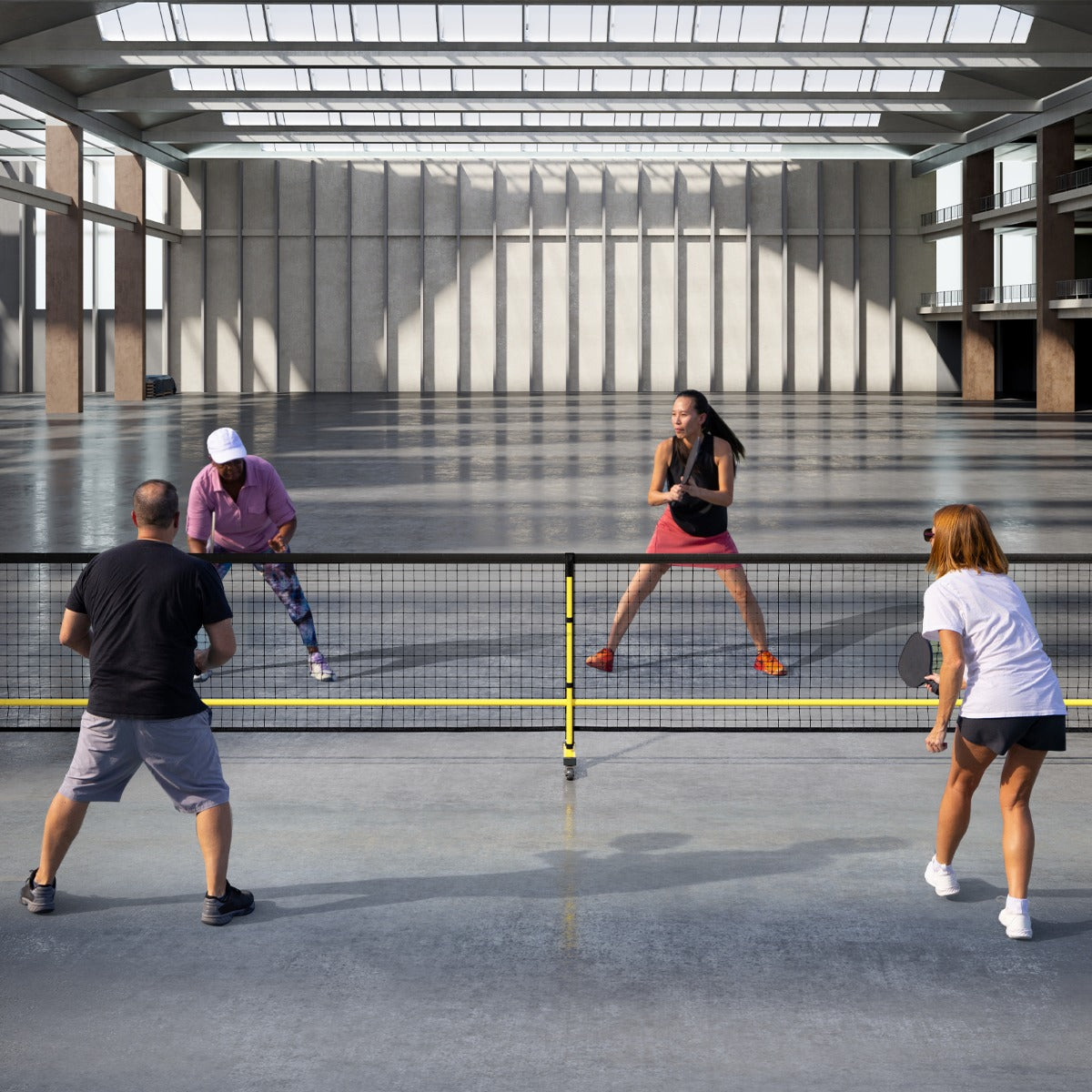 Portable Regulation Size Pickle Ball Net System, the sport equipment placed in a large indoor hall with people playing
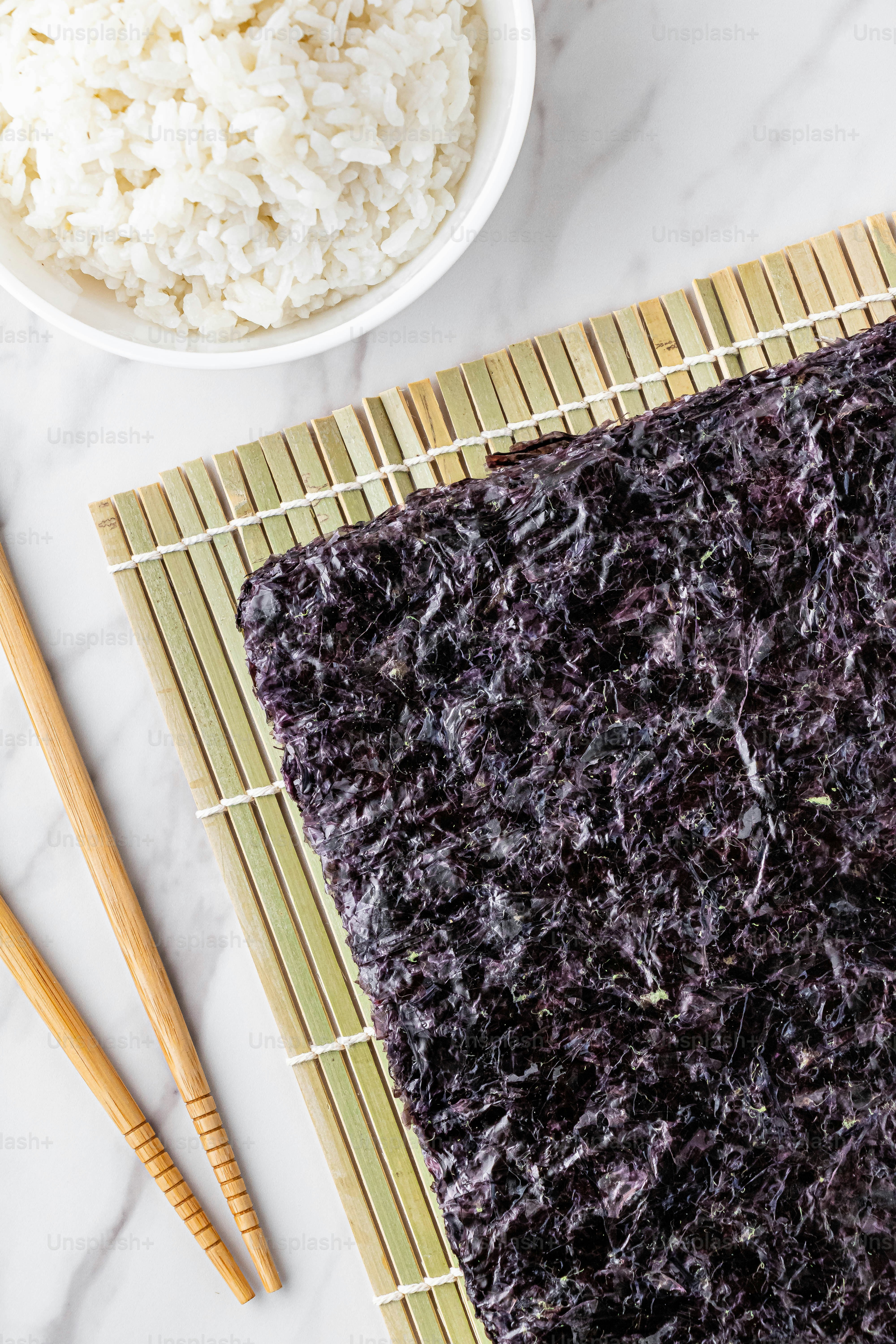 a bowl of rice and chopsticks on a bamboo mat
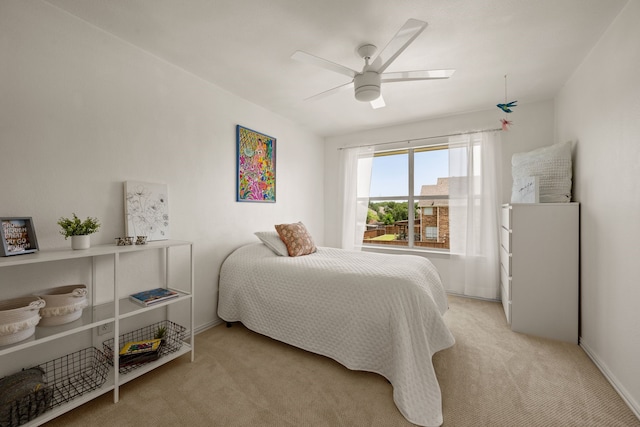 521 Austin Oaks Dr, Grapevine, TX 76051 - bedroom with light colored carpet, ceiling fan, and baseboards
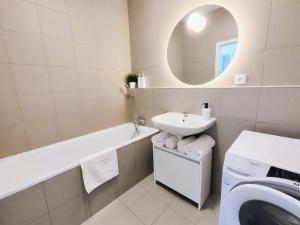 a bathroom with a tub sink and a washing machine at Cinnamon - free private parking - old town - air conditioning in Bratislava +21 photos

> **Work request**
Type the lines above out again exactly as they appear, skipping every picture.

> **Exercise result**
 Portable Regulation Size Pickle Ball Net System, the sport equipment placed in a large indoor hall with people playing
 a bowl of rice and chopsticks on a bamboo mat
 521 Austin Oaks Dr, Grapevine, TX 76051 - bedroom with light colored carpet, ceiling fan, and baseboards
 a bathroom with a tub sink and a washing machine at Cinnamon - free private parking - old town - air conditioning in Bratislava +21 photos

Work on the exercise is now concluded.